Combined effect of multiple random synonymous substitutions on CFTR exon 12 splicing pattern. (A) Schematic representation of the CFTR hybrid minigene used in transient transfection assay showing the location of the two restriction sites in exon 12 that were used for cloning the I and II degenerated oligonucleotides. Exonic and intronic sequences are shown as boxes and lines, respectively, the hatched box corresponds to the substituted sequence and the arrows show the specific oligonucleotides used in RT–PCR analysis. The two alternative splicing possibilities are indicated as dotted lines. The XbaI site was created by site-directed mutagenesis and corresponds to 52T synonymous substitution. (B) Nucleotide composition of part of the human CFTR exon 12 between the AccI and XbaI sites. Third nucleotide positions are numbered according to their location in the exon. The two 14-degenerated codons oligonucleotides I and II (II differs to I at conserved Leu and Ser codons, which are underlined) are indicated.

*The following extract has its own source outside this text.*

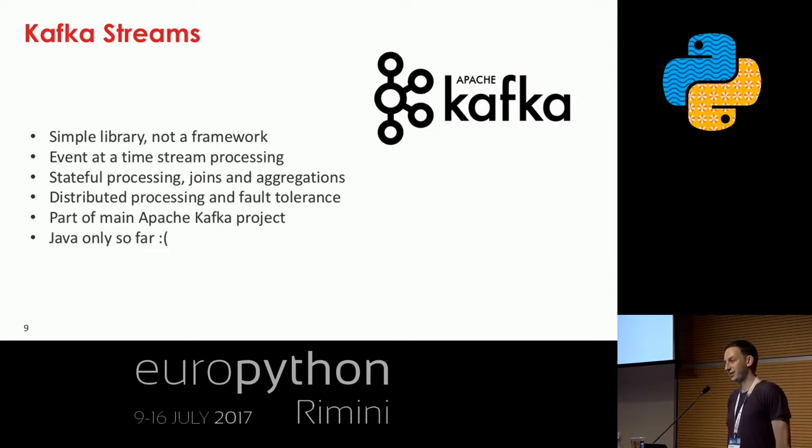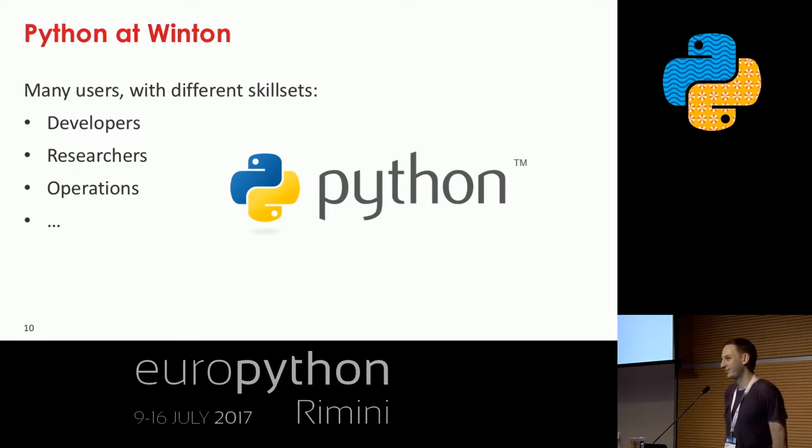Kafka Streams is now part of the main Apache Kafka client, but the big drawback for us is that so far it's Java only, and it's not easy to write bindings to that Java interface. That's a problem for us because at Winton we're big Python users. We're around 450 people in total and at least half of them know some Python — not all developers, but data scientists, researchers, operations people. We had a talk last year from colleagues showing what we do with Python.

These oligomers were cloned in the CFTR exon 12 to create random changes at synonymous sites between the exonic positions 13 and 52. (C) Effect of multiple random synonymous substitutions on splicing efficiency. Representative samples of the CFTR exon 12 minigenes derived from the degenerated oligonucleotides I are shown and their sequences are represented in Figure 2. Minigenes were transfected in Hep3B cells and analyzed for splicing efficiency. The percentages of exon inclusion are reported at the bottom of each lane and are the mean of three independent experiments done in duplicate. The effect of the multiple random synonymous substitutions is compared with the WT and the CFXba+ minigenes. The exon 12 inclusion and skipping forms are indicated.

Figure 2.

Figure 2

Effect of CFTR exon 12 random multiple synonymous substitutions on the splicing efficiency. The two 13-degenerated codons oligonucleotides I and II were cloned in the CFTR exon 12 to create random changes at synonymous sites between the exonic positions 13 and 52. Resulting hybrid minigenes (I.1 to I.25 and II.1 to II.17) were then isolated and individually analyzed for splicing efficiency. The position of the mutations relative to the wild-type (CFWT) exon is shown at the top and synonymous mutations are in bold in comparison to human sequence. Number on the right of each sequence indicates the percentage of exon inclusion as determined by minigene splicing assay and is the mean of three independent experiments done in duplicate. In some clones derived from degenerated oligonucleotide I (indicated with a additional (C)) we changed the T52 to the wild-type C52 and the resulting percentage of exon inclusion is indicated in parenthesis on the right. The clones with the asterisks I.1, I.18 and I.25 were selected for subsequent experiments shown in Figure 4. Compared with WT sequence the I mutants showed a mean of 7.6 synonymous substitutions, the II mutants 15.6.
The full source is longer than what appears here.